With their new 65nm process, Intel is quick to point out that their current transistor technology is unmatched in the industry. The image above, produced using an electron microscope, shows the minuscule 1.2nm distance between a Polysilicon gate and the Silicon substrate, and the 35nm gate length of a typical 65nm generation transistor manufactured on Intel's line.
The cooler included with the new Pentium Extreme Edition 955 processor looks much like the model bundled with previous LGA775 based Pentium processors. This cooler is slightly taller and has more individual fins, however. The cooler is made of aluminum, with a solid copper core, and is equipped with a variable speed fan. It is mounted using the same four plastic push-pins as previous Intel LGA775 coolers.
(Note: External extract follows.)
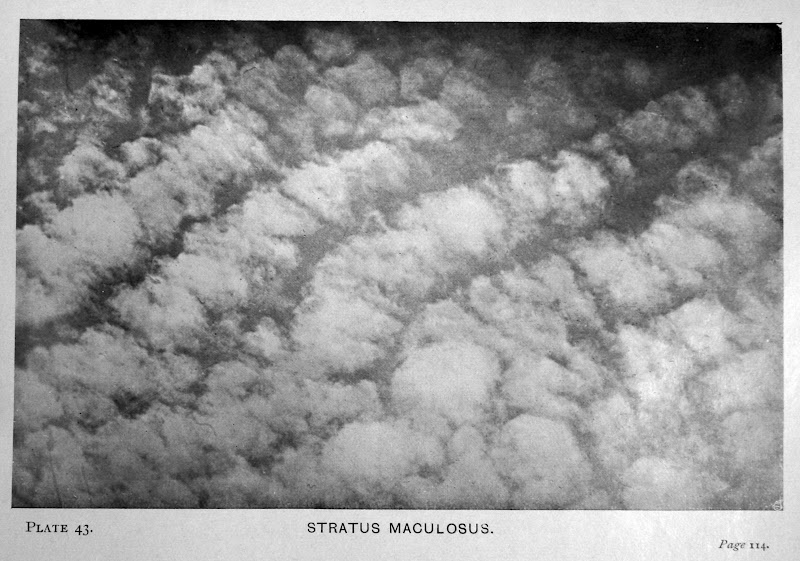 43stratusmaculosuscylju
If you're familiar with any of Intel's LGA775 based processors and lets face it, if you're a HotHardware reader you probably are, the new Pentium Extreme Edition 955 will look very familiar to you. The 955XE shares the same integrated heat spreader and packaging as previous Pentiums, but underneath that heat spreader and on the processor's underside it is very different. As you can see, the underside of the CPU is adorned with a multitude of capacitors, many more than older Intel CPUs. And underneath the heat spreader are two distinct Cedar Mill dies (two Cedar Mill dies = one Presler), connected through the processor's packaging substrate. If you recall, the Smithfield core used on the Extreme Edition 840 was basically two Prescott cores linked together to form one large die. Incorporating two individual dies onto one package like this, should help Intel with yields on the 955XE and other dual-core Presler based processors, because the dies can come from two different parts of the same wafer, or even two different wafers altogether.
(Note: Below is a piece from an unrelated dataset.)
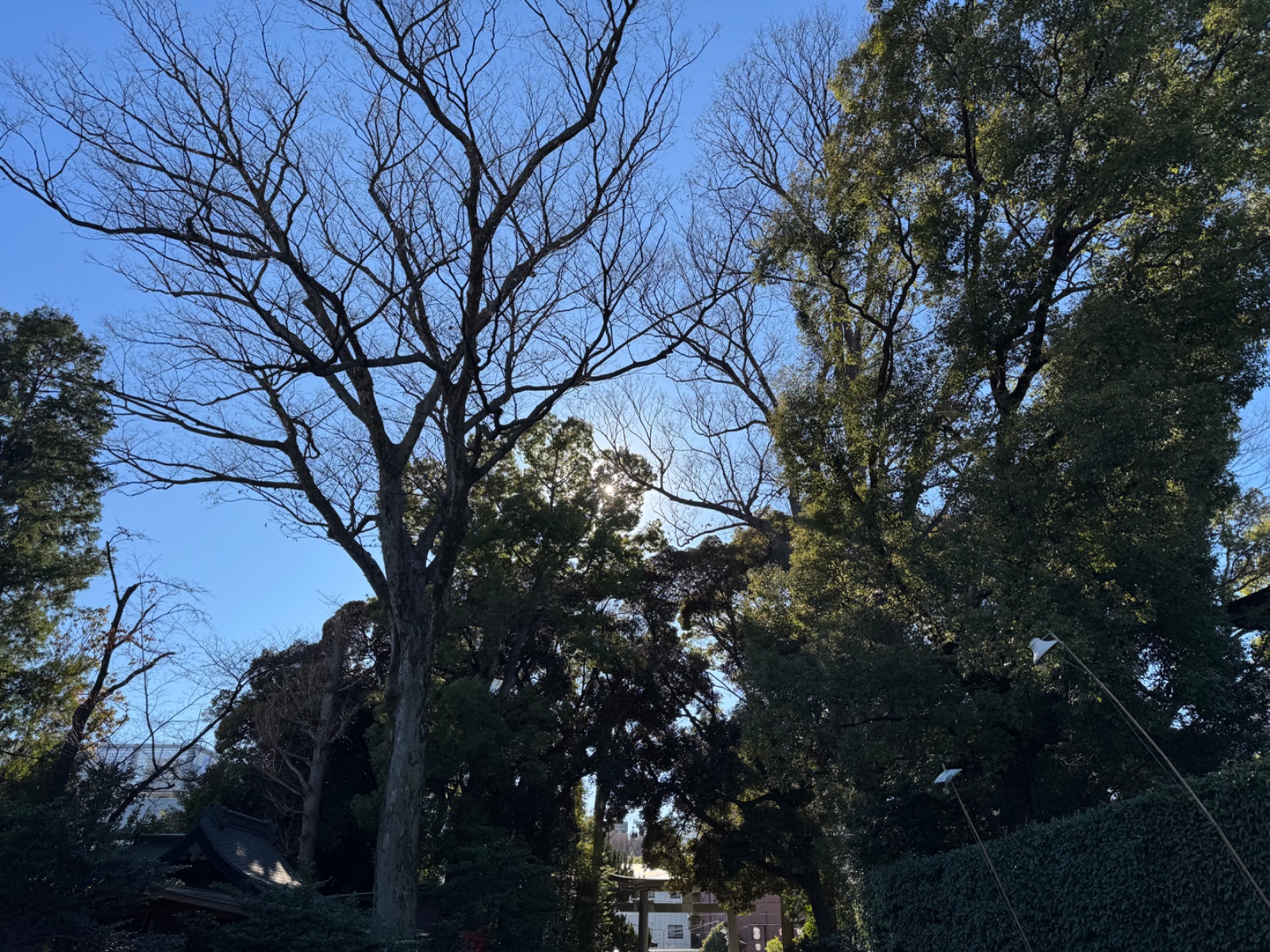 Inokashira Park, Tokyo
We fired up the latest version of CPU-Z and Task Manager to visually illustrate some of the Pentium Extreme Edition 955 processor's main features. Because this is a dual-core CPU, and each individual core has Hyper-Threading enabled, the 955XE appears as four virtual processors in a supported operating system like Windows XP. Each core is clocked at 3.46GHz and rides along on a 1066MHz front side bus (266MHz quad-pumped). Each core is equipped with 2MB of full-speed L2 cache, for a grand total of 4MB. And the CPU requires a mere 1.2v - 1.33v to operate. Please note that CPU-Z only reports the details from a single core, so the details in the third screenshot above are identical for the second core. We should also note that the Pentium Extreme Edition 955 has full support for Intel's Virtualization technology, which gives users the ability to run multiple operating systems in independant environments, full support for EM64T to run 64-bit operating systems, and the Execute Disable Bit to prevent against certain types of malware driven buffer-overflow attacks.